Appendix C: Reviewer Response Templates¶

"This is just few-shot prompting"¶

We agree that demo-conditioning can be viewed as a form of few-shot prompting. However, GUI automation presents unique challenges compared to standard NLP tasks: (1) visual grounding requires understanding spatial relationships in screenshots, (2) multi-step tasks require maintaining procedural context, and (3) UI variations across platforms and applications create distribution shift. Our contribution is demonstrating that demonstrations substantially help in this domain (X% -> Y%), characterizing when they help (task category analysis), and providing practical infrastructure (demo retrieval, open-source code) for practitioners.

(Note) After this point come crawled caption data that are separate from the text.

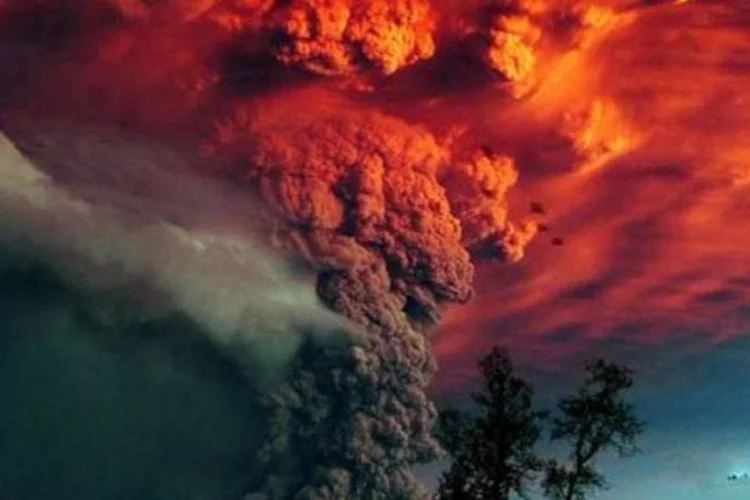 Nuvem de cinzas do vulcão Puyehue, no sul do Chile (Claudio Santana/AFP)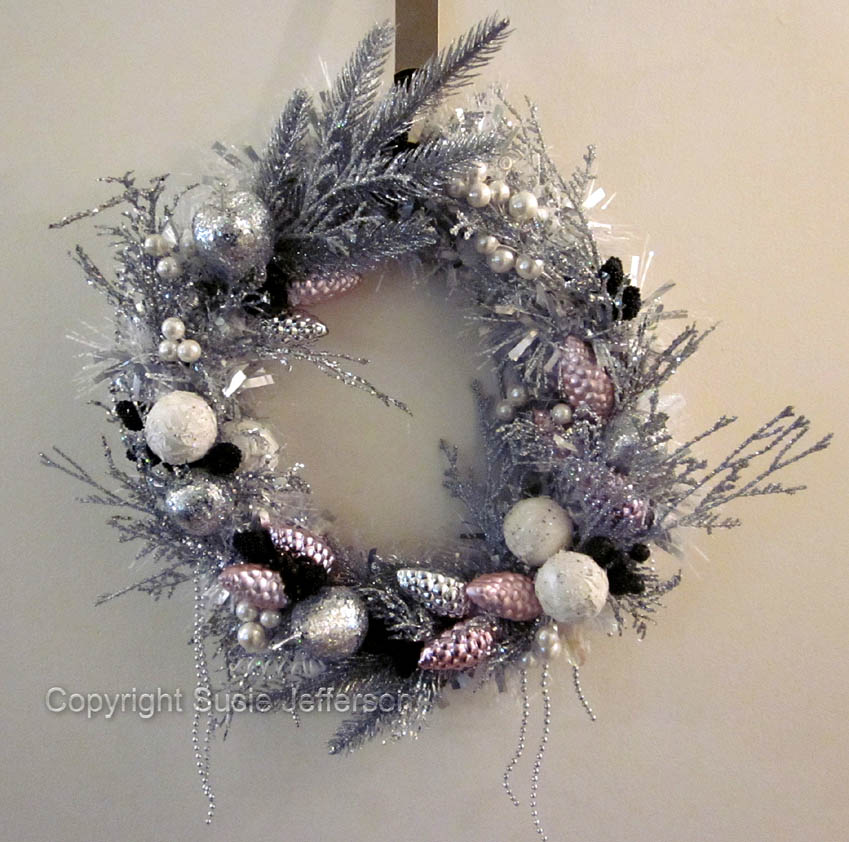 Natale: come addobbare casa con le pigne
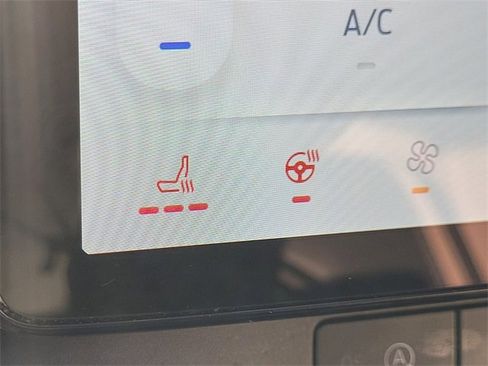 Used 2022 Ford Expedition Platinum image 25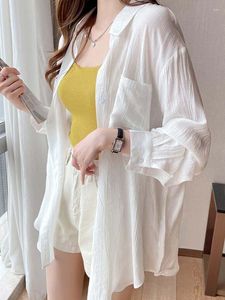 Blouses Femmes Chemise en soie de glace blanche Femmes Mode coréenne Casual Sunscreen Cardigan Dames Été Manches longues Protection solaire Thin Tops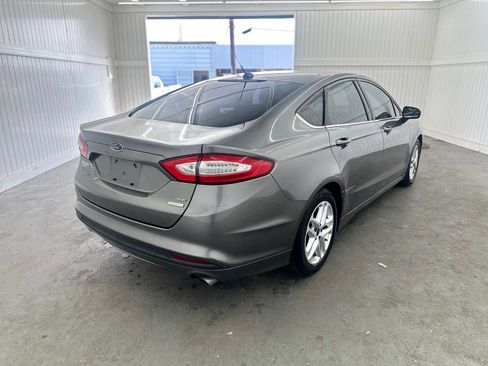 Used 2014 Ford Fusion SE image 5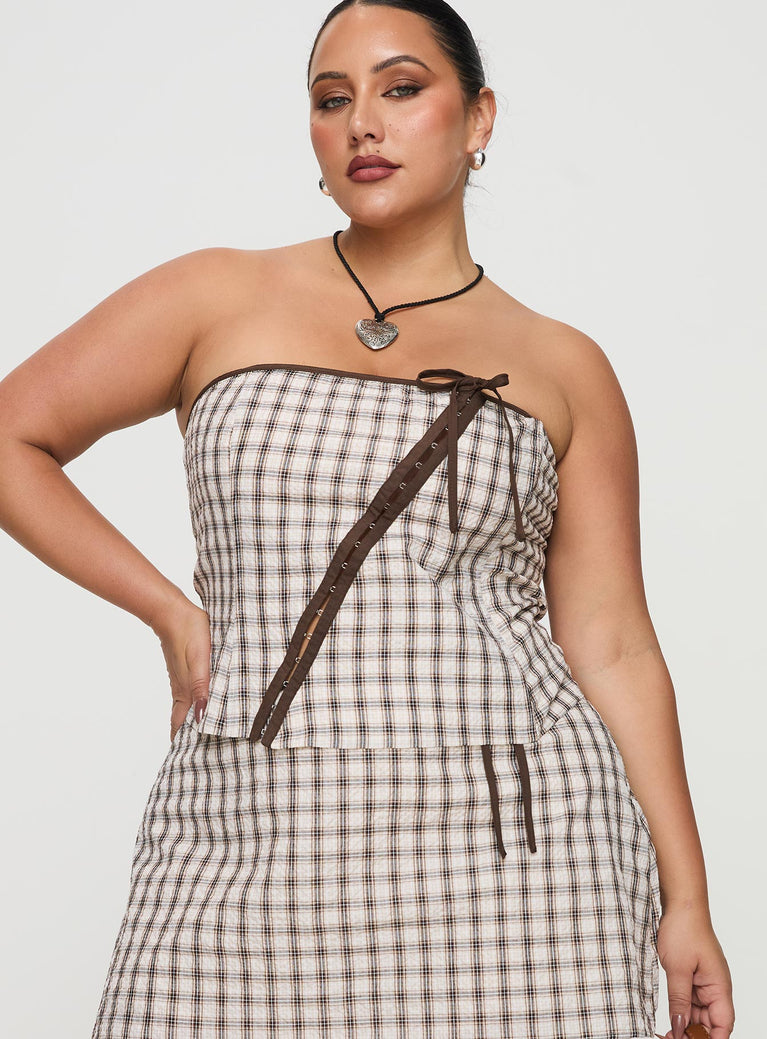 front view of model wearing Princess Polly Be My Baby Top Plaid Curve Sleeveless straight 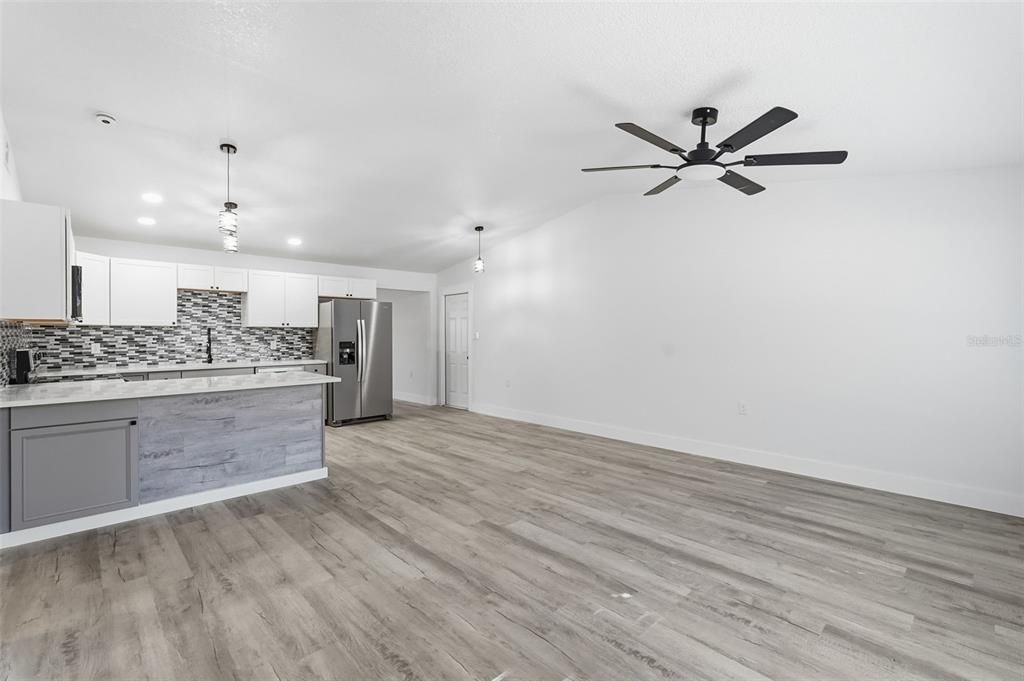 En Venta: $272,900 (4 camas, 1 baños, 1570 Pies cuadrados)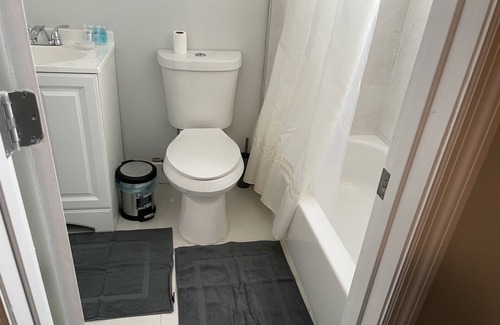 Dania Beach House | Suíte in Dania Beach close to: FLL airport, Port of Everglades, and the beach.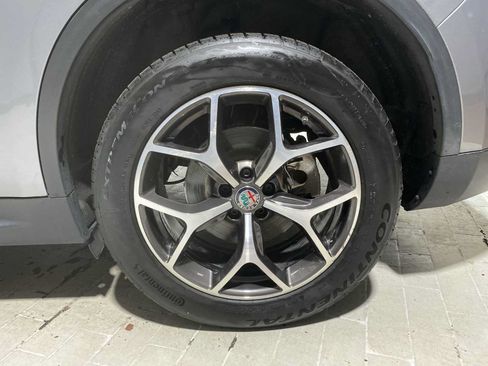 Used 2019 Alfa Romeo Stelvio Ti AWD/4WD image 8
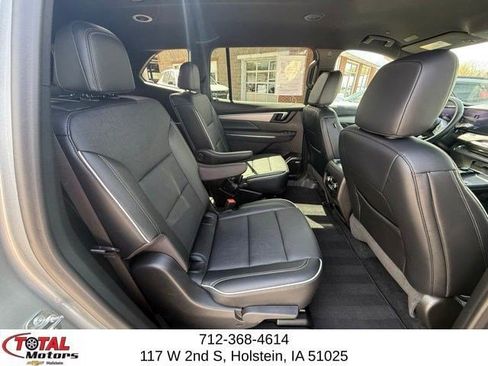 Used 2025 Buick Enclave Preferred AWD/4WD image 14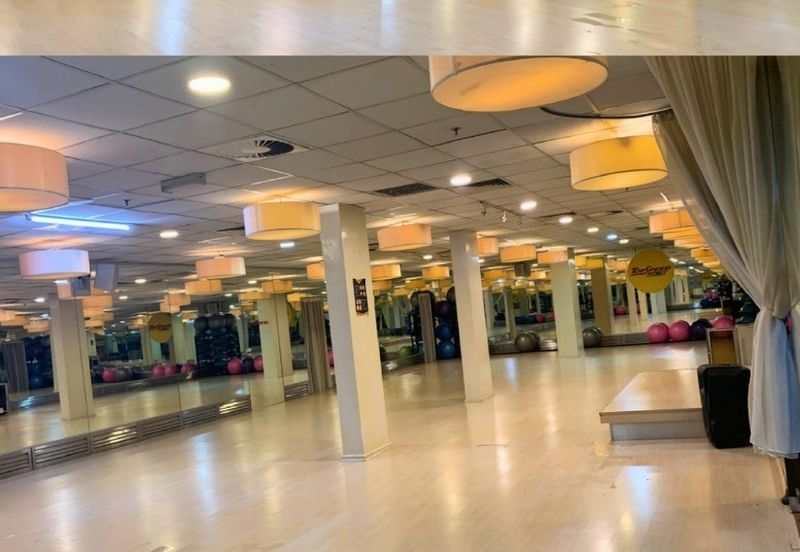 Taipan Business Centre, USJ 10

"Sample size is too small"¶

We acknowledge this limitation. With n=N tasks and 3 trials each, we are powered to detect a 20pp effect at 80% power. Our observed effect of Zpp is well above this threshold, and our statistical tests (McNemar's, bootstrap CI) confirm significance. We have expanded our task set to N tasks for the camera-ready version.

"Results may not generalize beyond tested benchmarks"¶

This is a valid concern. We have focused on WAA as it represents realistic enterprise desktop tasks. In future work, we plan to evaluate on WebArena and OSWorld to assess cross-benchmark generalization. However, we note that the WAA benchmark itself covers diverse applications (browser, office, file management, settings) and our positive results across these categories suggest some generalizability within desktop environments.

Last updated: January 2026 This is a living document. Update as experiments complete and understanding deepens.